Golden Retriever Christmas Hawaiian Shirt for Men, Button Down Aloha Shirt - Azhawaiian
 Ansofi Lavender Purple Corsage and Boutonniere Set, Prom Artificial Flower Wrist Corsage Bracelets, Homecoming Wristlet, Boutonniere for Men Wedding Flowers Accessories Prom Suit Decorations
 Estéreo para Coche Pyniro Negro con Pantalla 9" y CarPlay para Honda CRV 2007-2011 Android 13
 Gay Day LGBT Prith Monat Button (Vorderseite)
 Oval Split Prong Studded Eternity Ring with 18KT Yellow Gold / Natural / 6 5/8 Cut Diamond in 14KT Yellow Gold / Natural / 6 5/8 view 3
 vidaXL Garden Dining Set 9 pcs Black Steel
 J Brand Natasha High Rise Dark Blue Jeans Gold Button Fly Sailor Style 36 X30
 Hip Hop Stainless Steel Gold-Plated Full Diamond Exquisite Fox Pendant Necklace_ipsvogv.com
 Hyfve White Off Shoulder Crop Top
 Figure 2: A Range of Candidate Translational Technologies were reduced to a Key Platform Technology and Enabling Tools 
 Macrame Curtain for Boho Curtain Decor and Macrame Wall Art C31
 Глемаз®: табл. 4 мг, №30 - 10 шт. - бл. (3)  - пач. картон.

....

**DIRECTIONS**: Among the lines above, the ones holding the word "Diamond" must be counted; only that count is to be given.

**EXERCISE SOLUTION**: 2